By Richard Hubbard
LONDON (Reuters) - The euro hit a six-week high and shares rose on Monday as signs of growth in China and a slower contraction in Europe lifted demand but worries over the U.S. budget crisis capped gains.
The latest readings from both official and private sector surveys of China's vast manufacturing sector showed activity picked up November, adding to evidence the economy is reviving after seven quarters of slowing growth.
While final readings of the euro zone's Manufacturing Purchasing Managers Index (PMI) for November showed factory activity declining at a slower rate, though this still leaves the region on course for its worst quarter since early 2009.
"We are in an environment where the big picture risks are still there; the U.S. fiscal cliff, the euro zone and China - on two of those (China and the euro zone) arguably things have been improving," Philip Poole, global head of macro investment strategy at HSBC Global Asset Management, said.

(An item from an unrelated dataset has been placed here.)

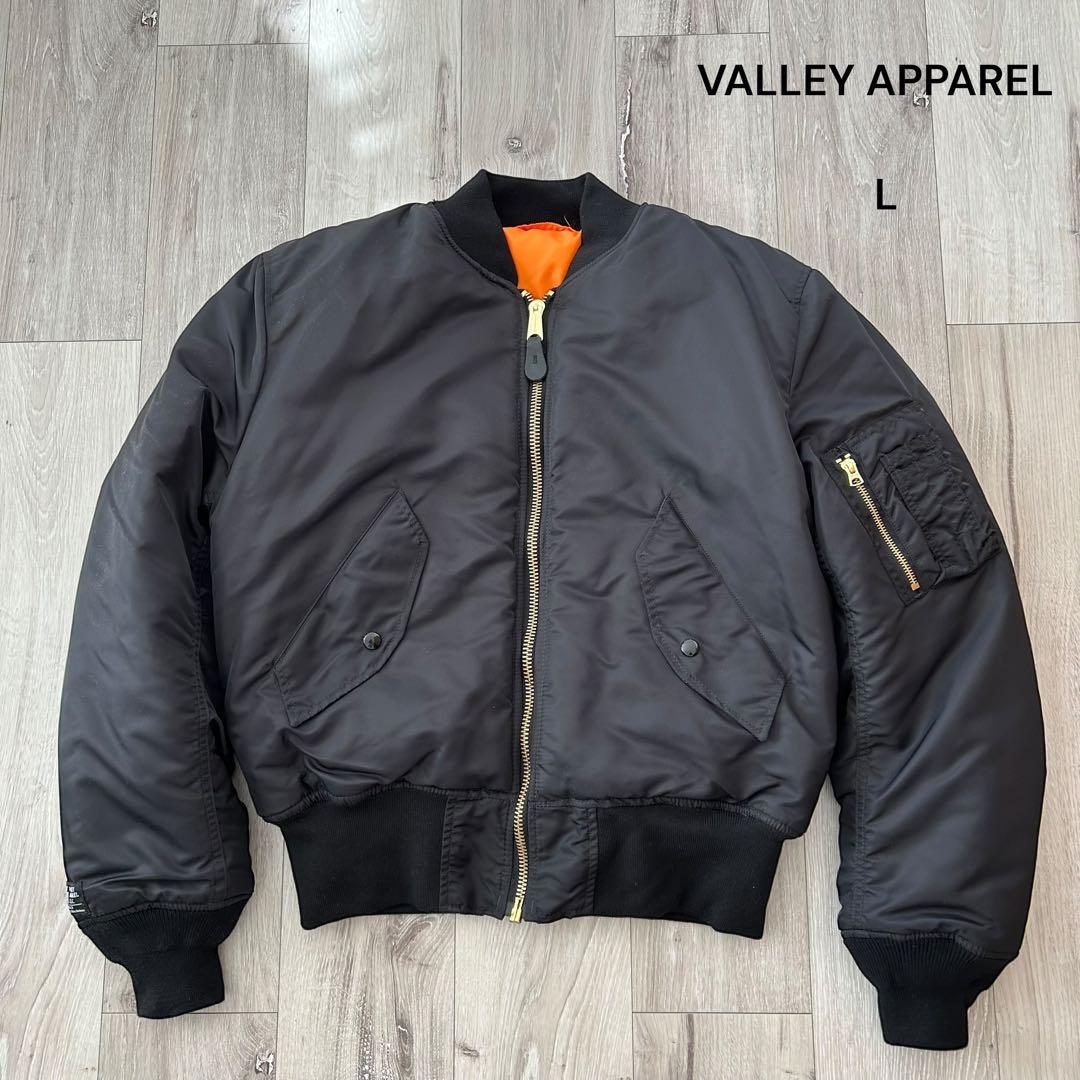 【美品】アメリカ製 VALLEY APPAREL リバーシブル MA1 黒 L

MSCI world equity index edged up about 0.1 percent to 333 points after the PMI data helped by a small gain in MSCI's broadest index of Asia-Pacific shares outside Japan.
Data also showed British manufacturing activity shrank much less than expected in November, although the sector remains in a precarious state as new orders edged down.
However, investors are cautious about reading too much from the numbers while there is no solution in Washington on how to avoid a package of tax rises and spending cuts due in early 2013 which could send the economy back into recession.
In Europe, the FTSE Eurofirst 300 index of top European shares rose 0.3 percent to 1,123.15 points with London's FTSE 100, Paris's CAC-40 and Frankfurt's DAX between 0.25 and 0.5 percent higher.
Earlier gains in Asia were kept in check by sluggish data on retail sales and labour demand in Australia, and weak factory activity levels in the major exporting nations of South Korea and Taiwan.
The euro climbed to $1.3048, its highest level since October 23, before paring gains to trade about 0.4 percent higher at $1.3039 ahead of a euro zone finance ministers meeting where they will assess the latest plan to help Greece.
German Chancellor Angela Merkel said on Sunday Greece's creditors may look at writing down more of its debt, a move that would make the country's debt burden more sustainable.
Falls in Spanish and Italian bond yields as investors become more confident in buying euro zone debt added to support for the single currency, as did the Greek government's plans to repurchase up to 10 billion euros of its outstanding debt.
Spanish 10-year yields dropped 10 basis points to 5.24 percent, while similar Italian yields were also lower, and low-risk German debt prices retreated.
Greece said on Monday it would buy back its bonds through a Dutch auction process, and set a price range above most market expectations.
"As long as we see a successful buyback, then it will close this mini-chapter for Greece," said Sarah Hewin, senior economist at Standard Chartered Bank.
"It will allow the release of the next bailout tranche, it will keep the IMF involved, which is key, and it will inject some funding into an economy which is crying out for it."
The price of the Greek government's 2023 bond rose 2.675 points to 37.867 after the announcement.
Oil and other commodity prices were caught in narrow ranges, underpinned by the firm Chinese data, but concerns about the U.S. budget crisis limited any upward moves.
U.S. crude futures were down 19 cents to $88.72 a barrel and Brent fell 5 cents to $111.18, while London copper was little changed at $9,990 a tonne.
Spot gold edged up 0.2 percent at about $1,718.90 an ounce.